TASK MATERIAL:
·····

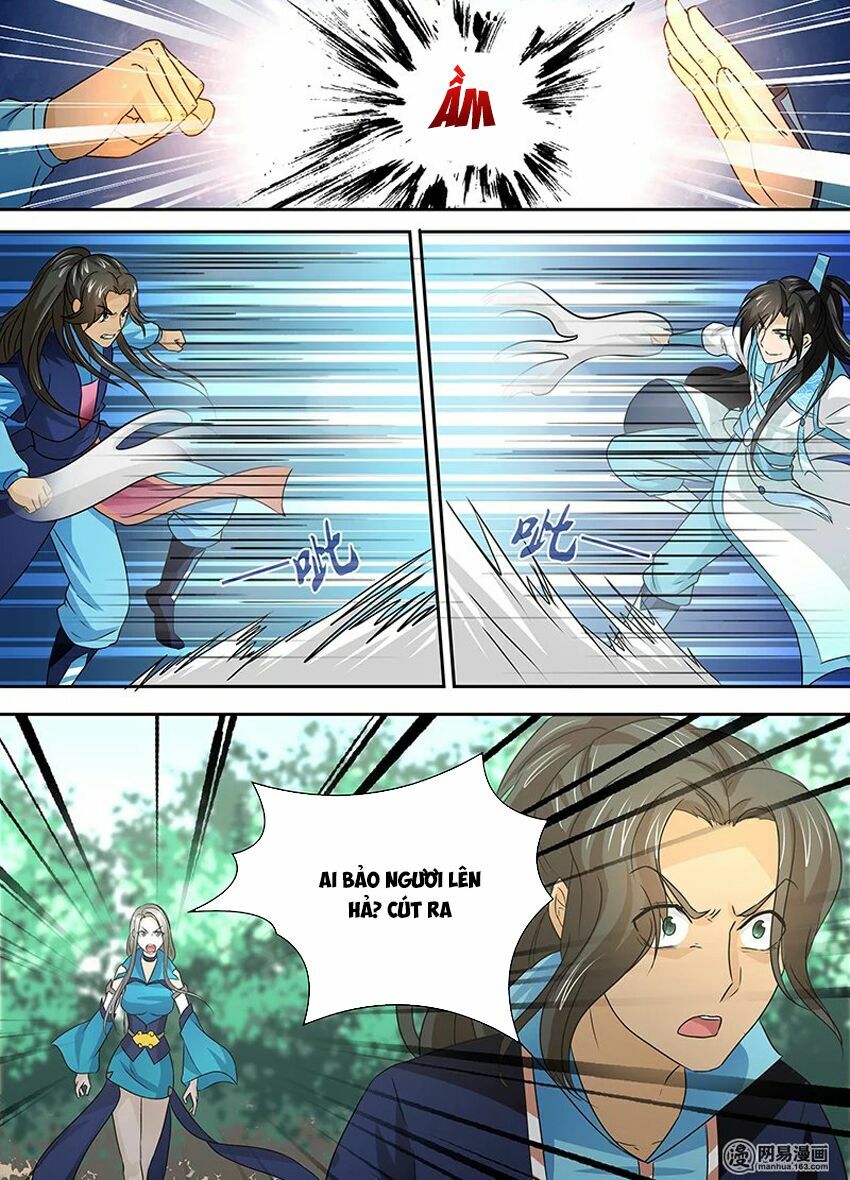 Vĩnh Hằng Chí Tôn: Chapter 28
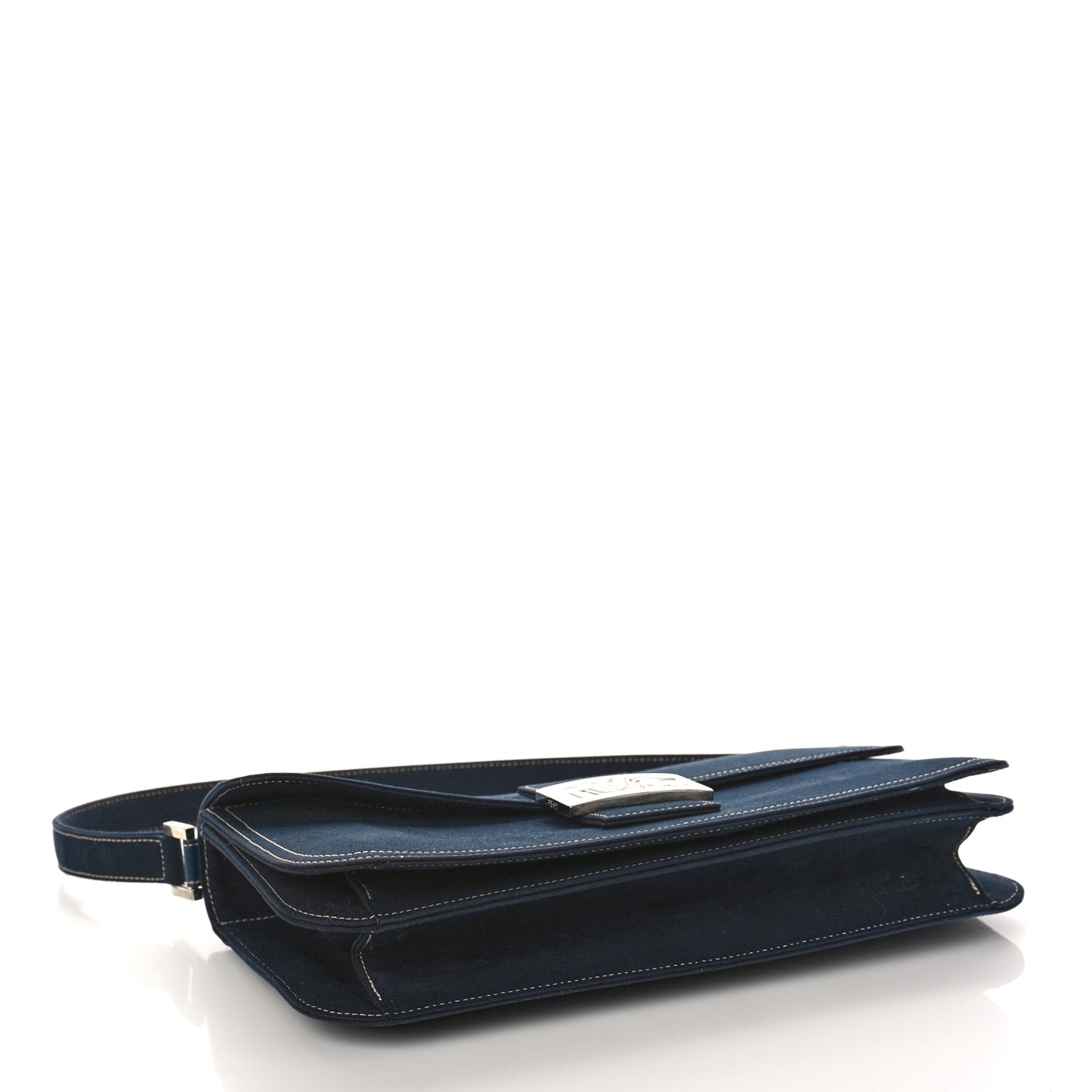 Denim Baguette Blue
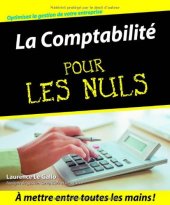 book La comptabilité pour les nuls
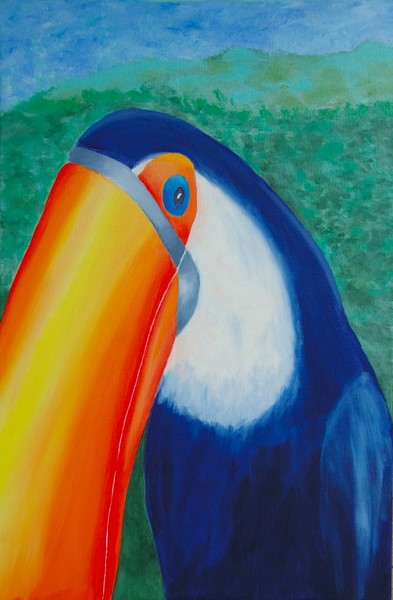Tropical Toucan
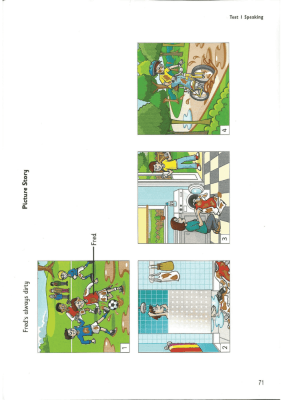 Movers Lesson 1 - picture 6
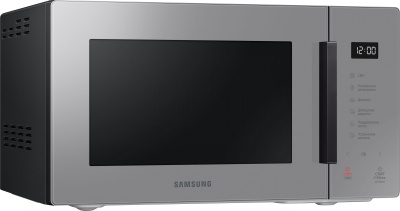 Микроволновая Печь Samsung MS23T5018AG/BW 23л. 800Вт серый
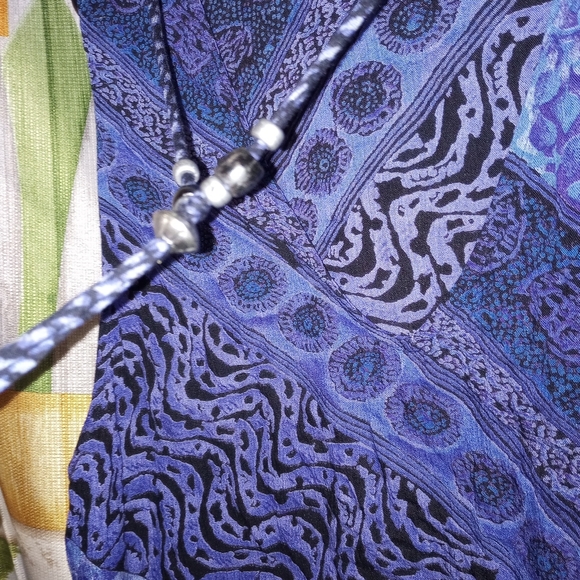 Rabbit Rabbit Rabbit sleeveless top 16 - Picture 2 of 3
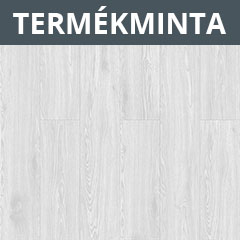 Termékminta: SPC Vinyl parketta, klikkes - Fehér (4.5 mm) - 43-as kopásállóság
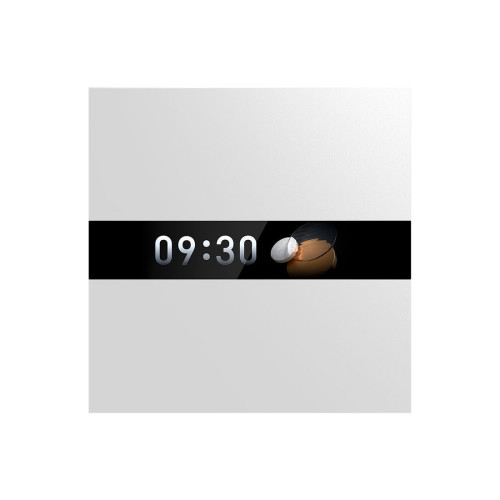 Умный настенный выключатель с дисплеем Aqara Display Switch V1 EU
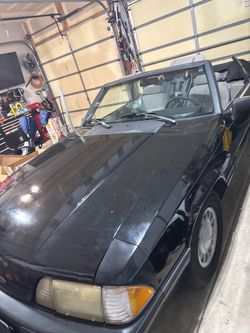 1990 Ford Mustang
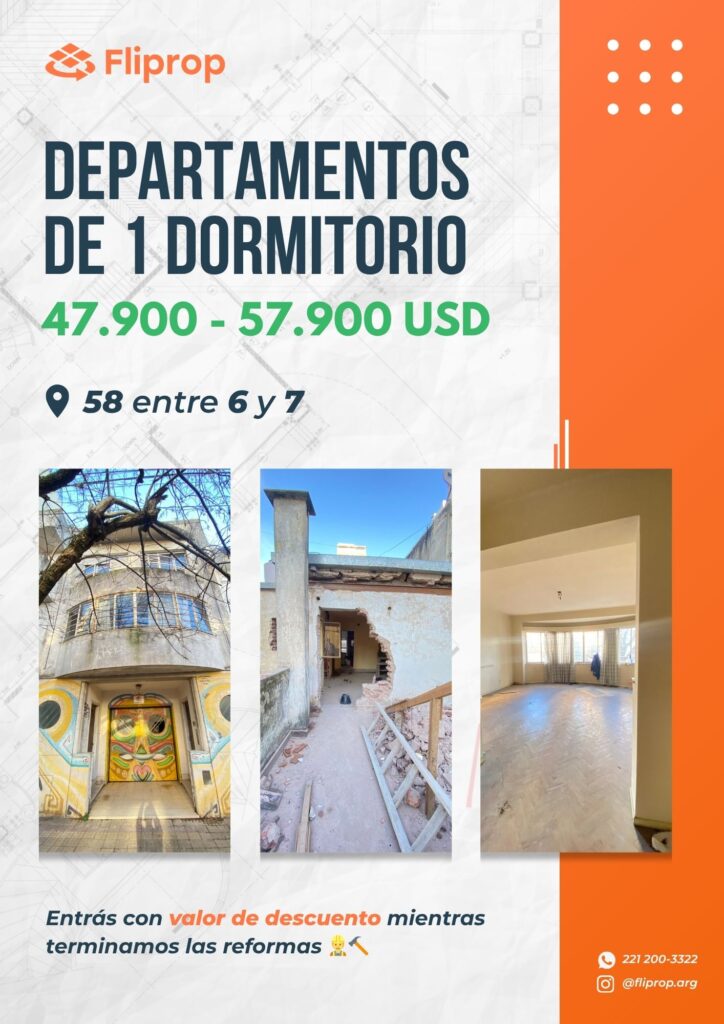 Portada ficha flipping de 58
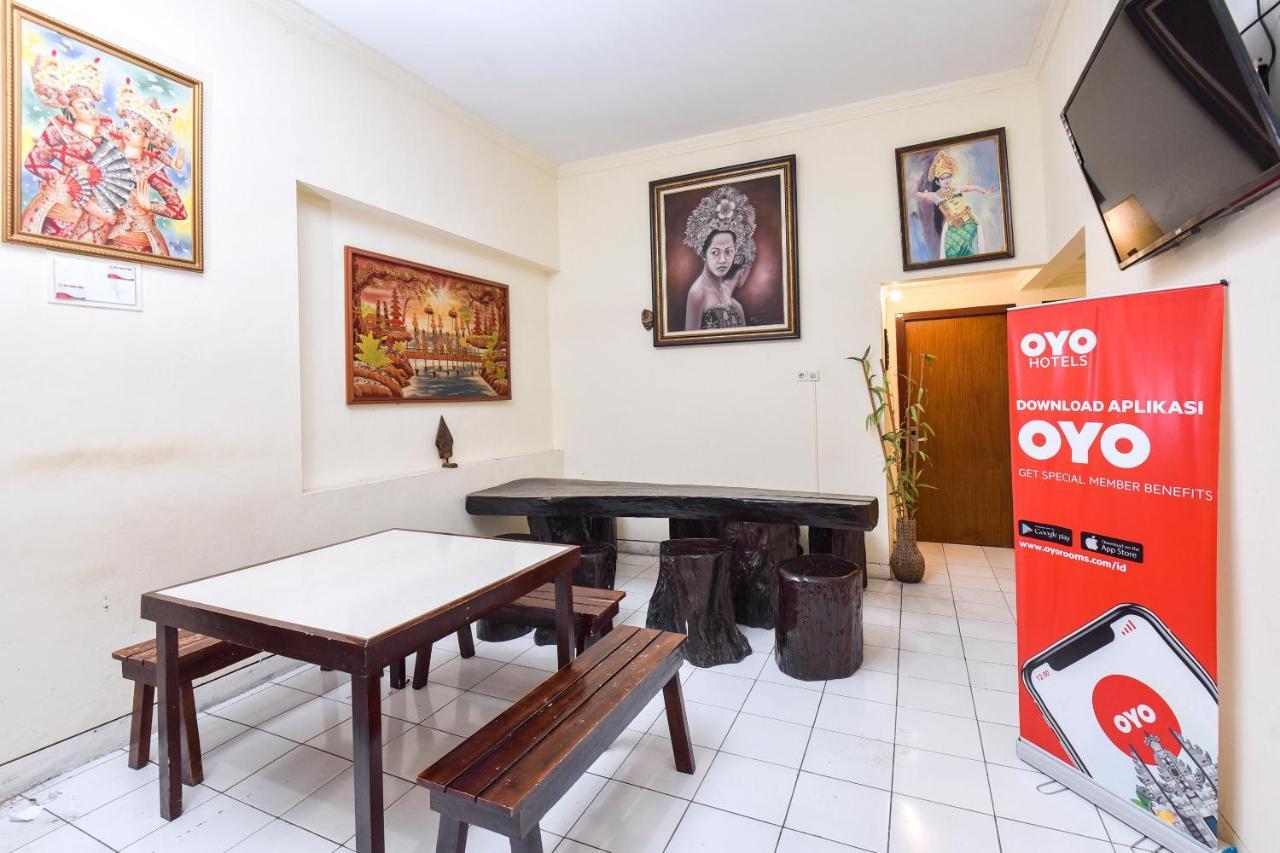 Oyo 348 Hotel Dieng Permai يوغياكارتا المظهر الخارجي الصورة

·····

WHAT TO PRODUCE: The result should be an exact copy of only the lines above from the one that holds "Tropical Toucan" through the one that holds "Termékminta: SPC Vinyl", both ends included, without pictures.

ANSWER BOX:
Tropical Toucan
 Movers Lesson 1 - picture 6
 Микроволновая Печь Samsung MS23T5018AG/BW 23л. 800Вт серый
 Rabbit Rabbit Rabbit sleeveless top 16 - Picture 2 of 3
 Termékminta: SPC Vinyl parketta, klikkes - Fehér (4.5 mm) - 43-as kopásállóság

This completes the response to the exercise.